Transcript
America in Egypt
December 22, 2001
BROOKE GLADSTONE: We're back with On the Media. I'm Brooke Gladstone.
BOB GARFIELD: And I'm Bob Garfield. The terrorist attacks awakened America to its tarnished image in the Arab world. We've heard a lot about our unpopular politics, but not as much about our image in Arab pop culture. Walter Armbrust is a professor of modern Middle Eastern studies at Oxford. He says the image of America inspires equal measures of love and loathing, especially on the big screen.
WALTER ARMBRUST: There's actually an Egyptian film that was made in about 1993 called Land of Dreams, and the land of dreams was America, and it was a film about a woman who was about to emigrate to the United States and the events of the film all revolve around her search for her passport, but of course what it's really about is her re-thinking the whole process of emigrating and whether the American dream is really so much better than the place that she comes from, and of course by the end of the film she decides not to go.
BOB GARFIELD: Does this ambivalence have its roots, do you suppose, in the population or is it just the conceit of some screenwriter?
WALTER ARMBRUST:That ambivalence is reflected in the population.
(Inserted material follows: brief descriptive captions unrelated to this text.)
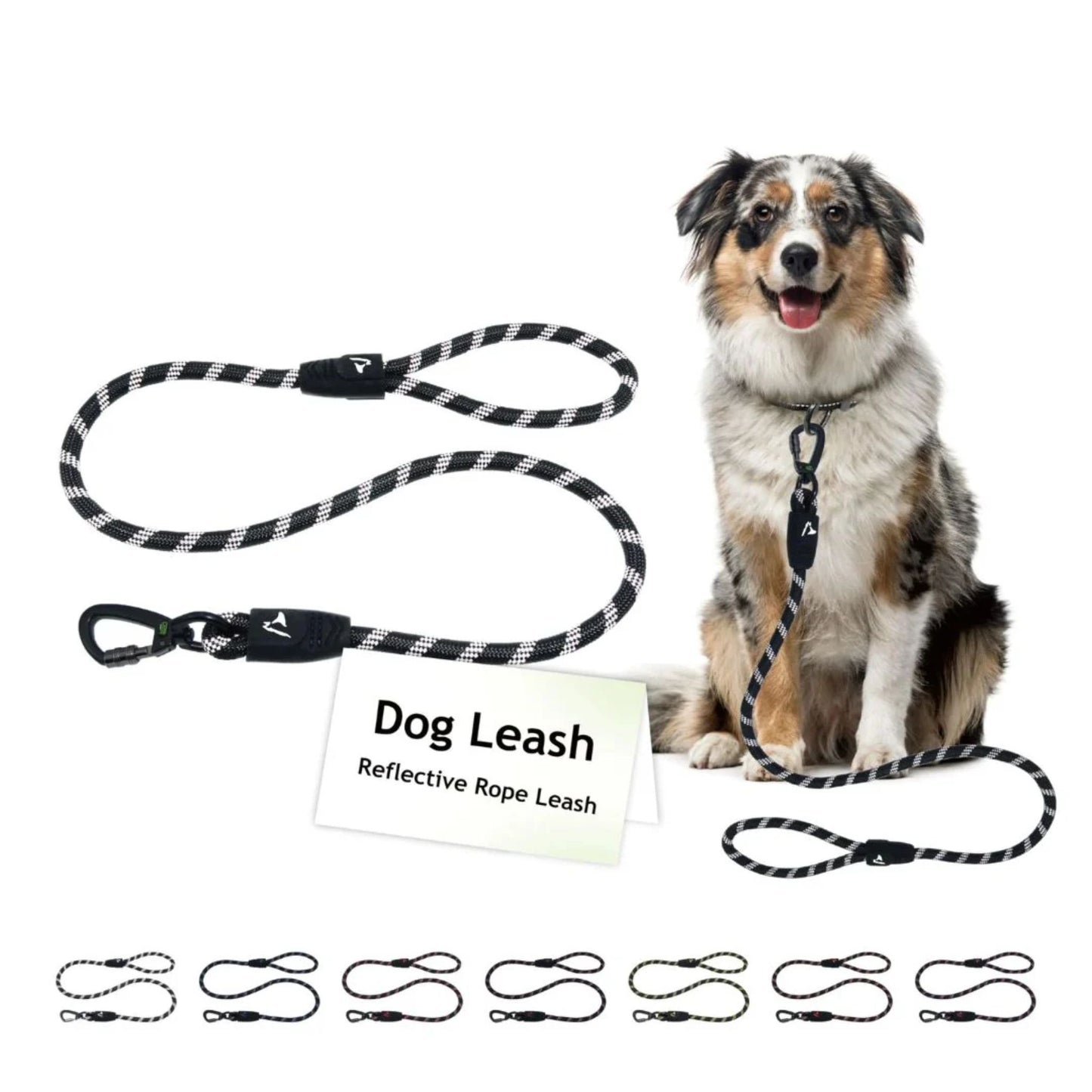 Dog leash with reflective rope, sitting next to a dog on a white background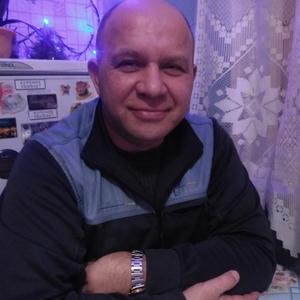 Дмитрий, 49 лет, Каменногорск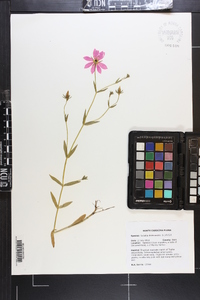 Sabatia dodecandra image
You know most people know about the United States mainly through our own media, so in, in a way a certain image of America is a known quantity, but well America is rarely portrayed as a, as an unambiguous good thing, and you do indeed find the same ambivalence reflected in conversations with people. Of course one of the stereotypes is that Americans are licentious, and I remember having a conversation with some people once I'd known them for months and I was having dinner with them, I and my, and my wife, and in the middle of the conversation they asked is it true that marriage means nothing to Americans, and of course they knew that we were happily married, and yet this kind of question still comes up. So there's a constant interplay between stereotype and fantasy.
BOB GARFIELD: Apart from imagining us as a nation of libertines, how are American characters portrayed in Egyptian films?
WALTER ARMBRUST:Well there aren't actually that many films that portray Americans or foreigners, and when they do, they're usually there for a rhetorical purpose -- to show foreigners as being somehow strange, perhaps laughable, sometimes threatening, but more often just completely incomprehensible.
BOB GARFIELD: So whereas in the news media America and American policy often are demonized, that doesn't really show up in the film culture.
WALTER ARMBRUST:It does occasionally, but it's the exception to the rule. One of the most famous exceptions is a film called [NAME OF EGYPTIAN FILM] which is An Upper Egyptian in the American University. That was made in about 1998. Of course it's set in the American University, so a large part of the plot has to do with whether the American University is really going to be willing to allow its students to, you know, have freedom of speech to say whatever they want, particularly about the United States' relationship with Israel.
BOB GARFIELD:If an American audience were to watch, let's say, the top 3 Egyptian films at any given moment, and let's assume a perfect translation, would the American audience have any idea what was flickering on the screen in front of them?
WALTER ARMBRUST: [LAUGHS] Yeah, I mean you know these, these are commercial films. They're -- you know the plot structures are very similar to American commercial films. They borrow wholesale the stories and the plots from American films --It Happened One Night has been made, you know, 5 times. Irma La Douce has been made. Double Indemnity's been made. Gilda, Roman Holiday. I mean there's tons of, of American stories that have been adapted into the Egyptian screen. These films are not particularly impenetrable to a, to a foreign audience as long as there's a good translation.
BOB GARFIELD: Irma La Douce and Double Indemnity? No wonder they think we're depraved!
WALTER ARMBRUST: [LAUGHS]
BOB GARFIELD: Walter Armbrust, thank you very much for joining us.
WALTER ARMBRUST: Thank you for inviting me.
BOB GARFIELD:Walter Armbrust is a professor of Modern Middle East Studies at Oxford University and the author of Mass Mediations: New Approaches to Popular Culture in the Middle East and Beyond.